The Basel Committee on Banking Supervision published Frameworks for early supervisory intervention, which presents a range-of-practice study on how supervisors around the world have adopted frameworks, processes, and tools to support early supervisory intervention. Since the global financial crisis, supervisory authorities have increasingly focused their attention on how early supervisory intervention can promote financial stability by reducing the probability and impact of a bank failure. There is also a common recognition that for supervision to operate effectively, identification and intervention at an early stage are critical to prevent problems from escalating or becoming acute.
There have been important developments in supervisory practices in this regard since the crisis. National supervisory authorities have adopted more forward-looking approaches, incorporating both quantitative and qualitative elements into their risk-based supervisory assessments.

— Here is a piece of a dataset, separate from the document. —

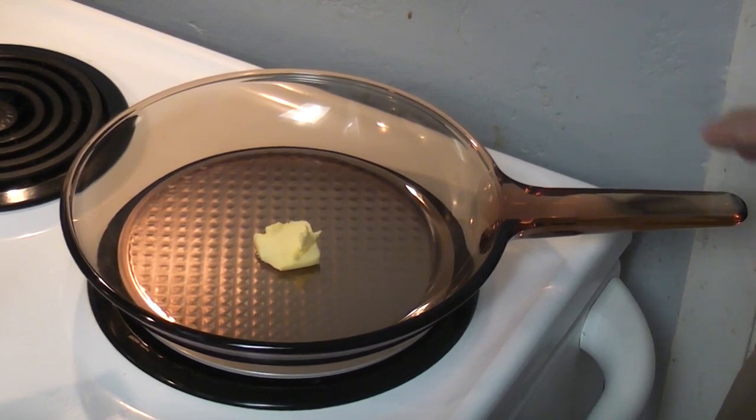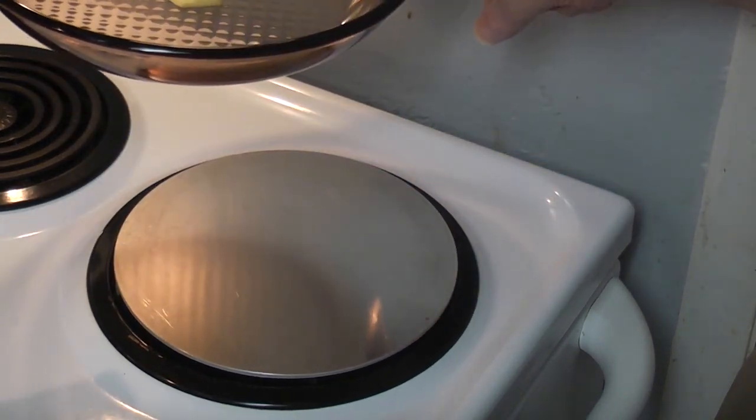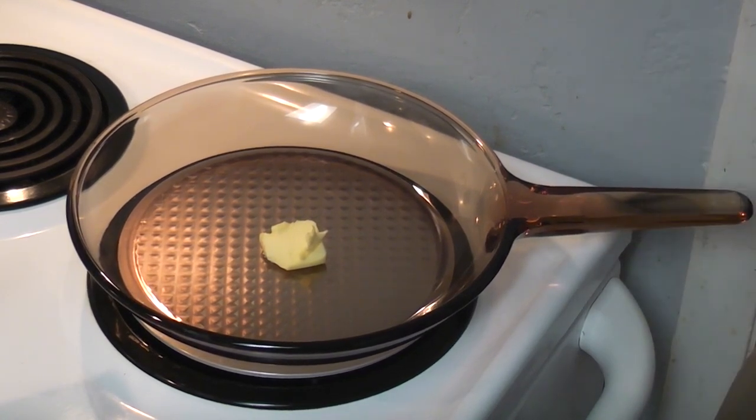This morning I'm going to try to cook eggs over easy in my new Visions 10-inch skillet. As you can see, I have an aluminum disc that should help disperse some of the heat. I've got it set on number 2 on my electric coil stove just to get it warmed up first. That's about it.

In addition to institution-specific supervision, supervisors are also adopting benchmarking exercises and thematic reviews as part of their toolkit to better detect emerging risks and potential outlier banks. Many national authorities have also undergone organisational changes to support these approaches, and have introduced dedicated teams and oversight functions to ensure early supervisory actions are taken and followed up.

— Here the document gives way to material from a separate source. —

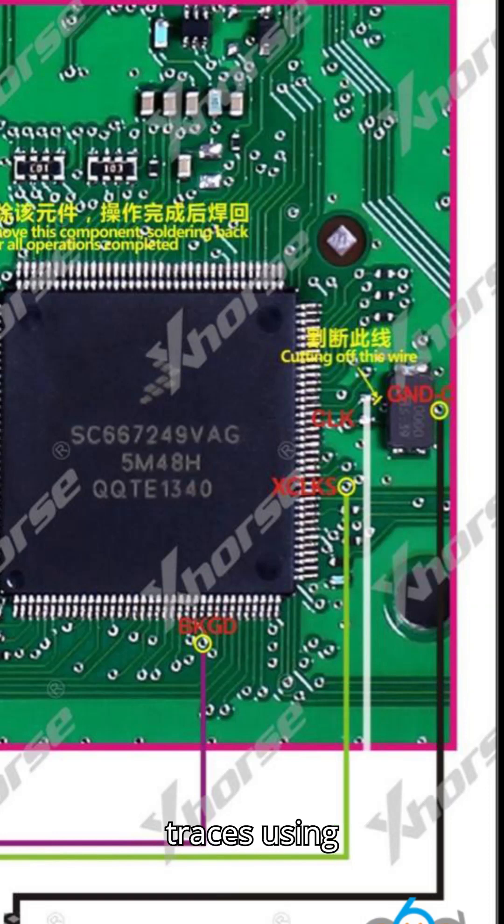Using thin copper wire sourced from faulty coils, identify and repair any damaged traces on the board. Pay close attention to areas where soldering points have been compromised, ensuring proper connections are established.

Organisational infrastructure
Based on practices observed, this study finds that early supervisory actions taken by supervisors depend not only on the expert judgment of supervisors but also to a large extent on an organisational infrastructure that sets in place: (i) supervisory reinforcement through both vertical and horizontal risk assessments to maximise the early detection of risks; (ii) a clear framework for when actions should be taken; and (iii) internal governance processes and programmes to support supervisory development and capacity-building.
Background
The international regulatory framework has been significantly strengthened since the global financial crisis to promote a more resilient banking sector. The Basel III framework sets higher minimum requirements for loss absorption, places greater emphasis on higher-quality capital and captures a broader scope of risks faced by banks. The framework has been further strengthened by a leverage ratio requirement, capital buffers to mitigate various sources of systemic risk and a set of standards limiting liquidity and maturity transformation.1 Lessons from the crisis have also highlighted the important role of supervision and, importantly, that effective supervision must complement regulation. Across jurisdictions, the safety and soundness of both individual banks and the banking system as a whole are recognised as a fundamental objective of supervision. There is also a common recognition that for supervision to operate effectively, identification and intervention at an early stage are critical to prevent problems from escalating or becoming acute.